The second half of the exhibit is concerned exclusively with the equally vigorous tradition of manuscript commonplace books compiled for personal reference and use. Some 75 handwritten books, spanning the 16th to the 19th centuries, have been gathered from the James Marshall and Marie-Louise Osborn Collection at the Beinecke Library. The compilers of these unique volumes include an eccentric Italian at the court of Queen Elizabeth, a 17th-century English envoy to the monarchs of Portugal, and a minister from the northern English provinces whose 15-volume commonplace book spanned the period from the French Revolution to Napoleon’s demise in 1815. These manuscripts illustrate the variety of material that has filled personal commonplace books and demonstrate the enthusiasm and delight that have motivated their compilers throughout the centuries.

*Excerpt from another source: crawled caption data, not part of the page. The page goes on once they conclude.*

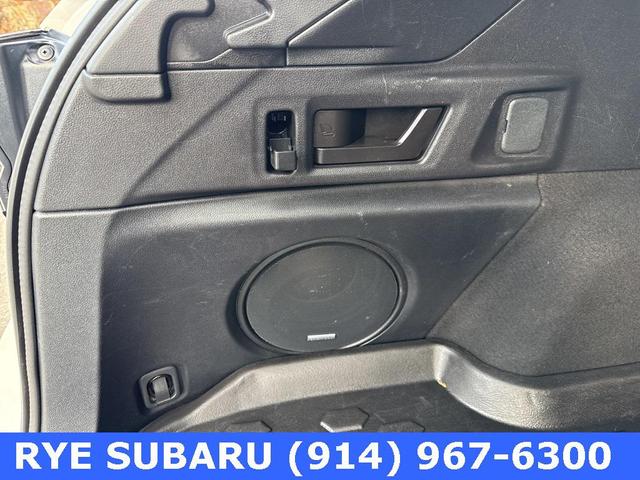 Photo of 2023 Crystal White Pearl Subaru Outback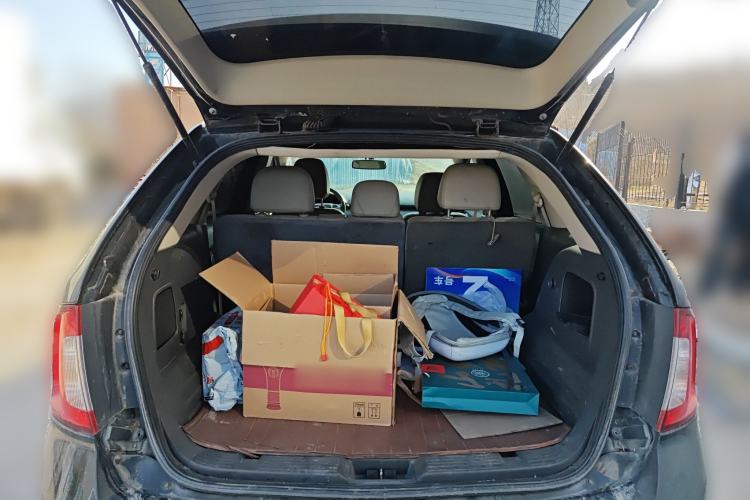 Used Ford Edge 2012 2.0T Elite Sunroof Edition Trunk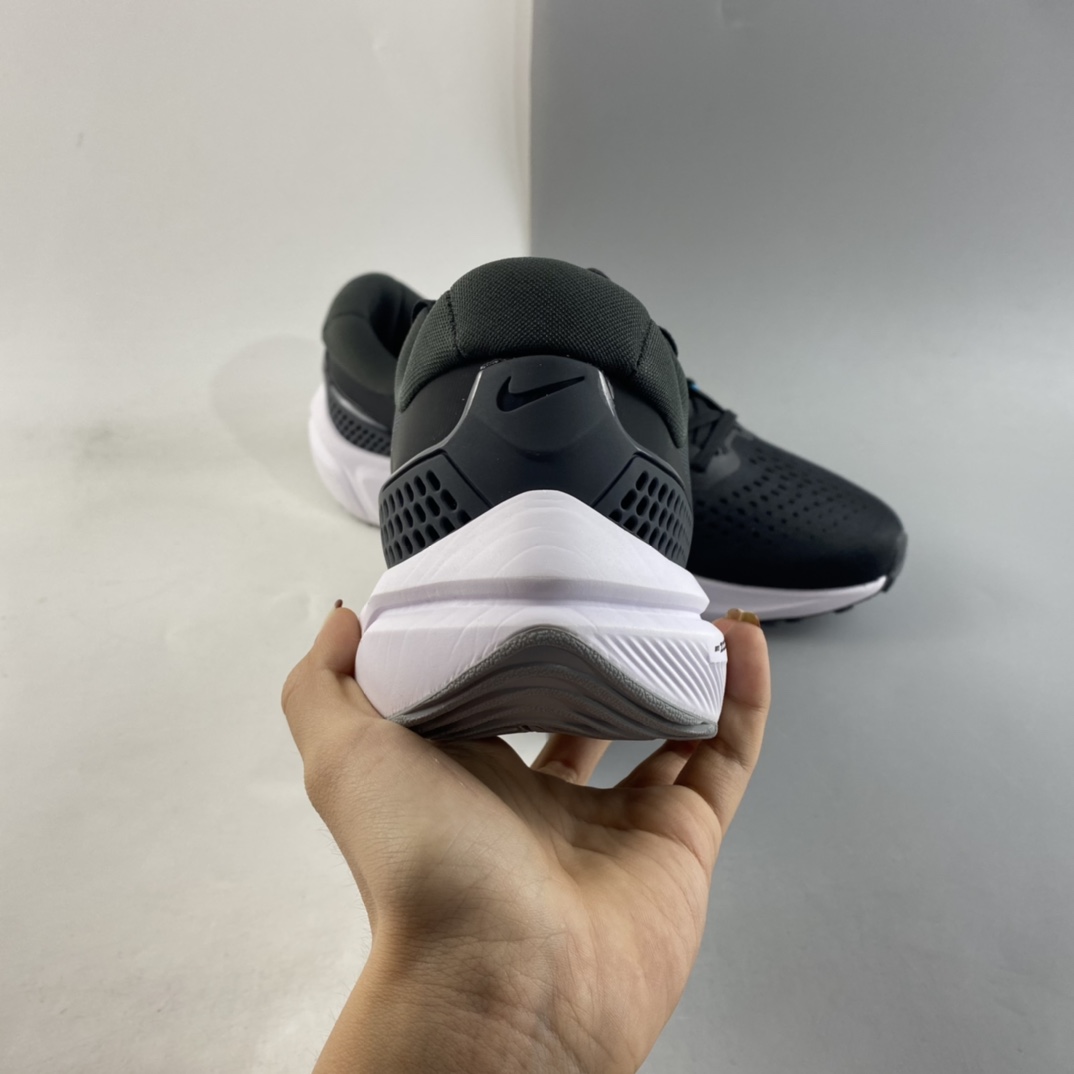 P190  NIKE Air Zoom Vomero 15 登月15代缓震透气跑步鞋 CU1855-004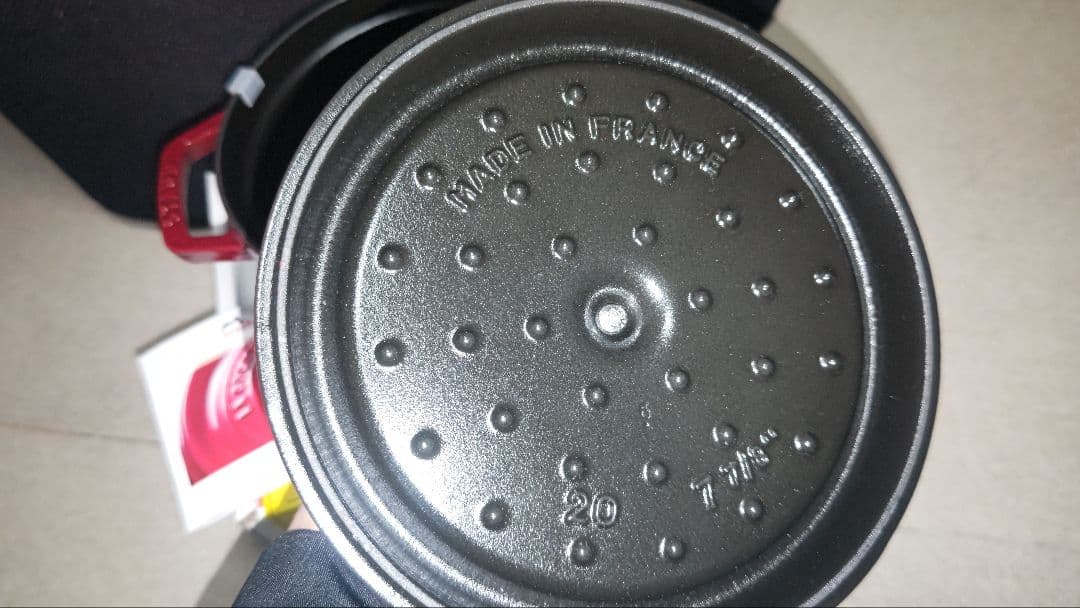 あ*ん様 ストウブ ラウンドココット 20cm チェリーレッド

In conjunction with the University’s tercentennial celebrations, a related display, entitledCommonplace Books at Yale, will highlight commonplace books written by Yale undergraduates during the first two centuries of the school’s history. Among these is the commonplace book of Eleazar May (Class of 1752) listing the books he read during his ‘Freshmanship” in 1749. Also included is the commonplace book of Manasseh Cutler (Class of 1765), American revolutionary, minister, botanist, Western expansionist, jurist, and representative to the seventh and eighth United States Congresses (1801-05).

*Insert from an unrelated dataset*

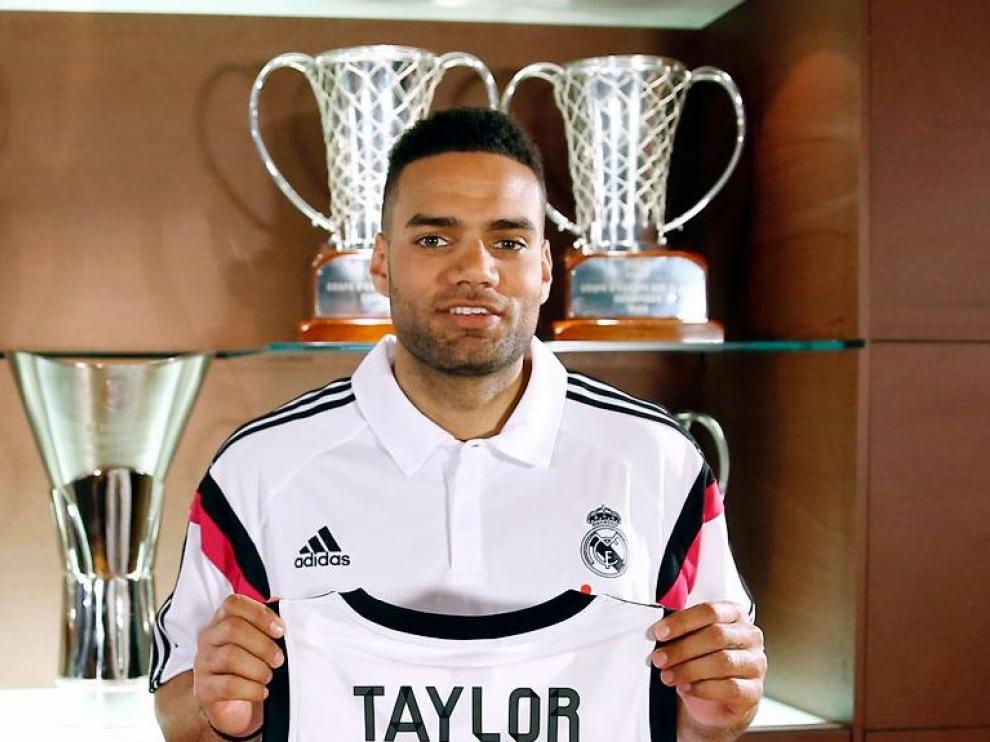 El jugador Jeffery Taylor durante su presentación de este jueves.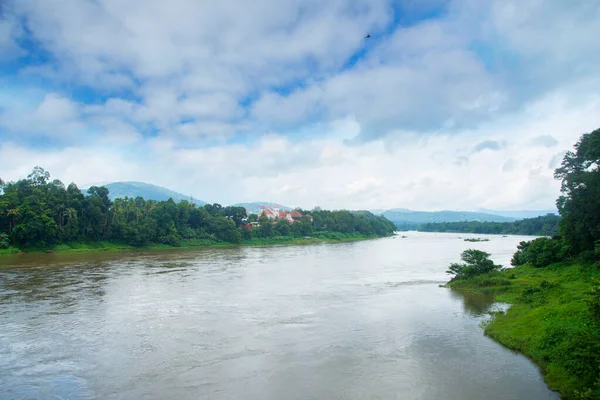 Sommar Flod Med Blå Himmel Naturfotografi River Landskap Bild Kerala — Stockfoto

Earle Havens, curator of the exhibition, has written a book-length study of the genre: Commonplace Books: A History of Manuscripts and Printed Books from Antiquity to the Twentieth Century will be available at the library in late August. Mr. Havens has also prepared a keepsake edition of an unpublished 17th-century manuscript essay on commonplace books, as well as a broadside describing the “Commonplace Books at Yale” display.

The Beinecke Library is open for exhibition viewing Monday through Friday, 8:30 a.m. until 5:00 p.m., and on Saturdays in July and September from 10 a.m. to 5 p.m.; closed Labor Day. The library is located at 121 Wall Street in New Haven, Connecticut.

On Wednesday, September 12, 2001, the James Marshall and Marie-Louise Marie Osborn Collection will sponsor a lecture Commonplace Books and the Practices of Learning in Early Modern Europe by Anthony Grafton, Dodge Professor of History at Princeton University.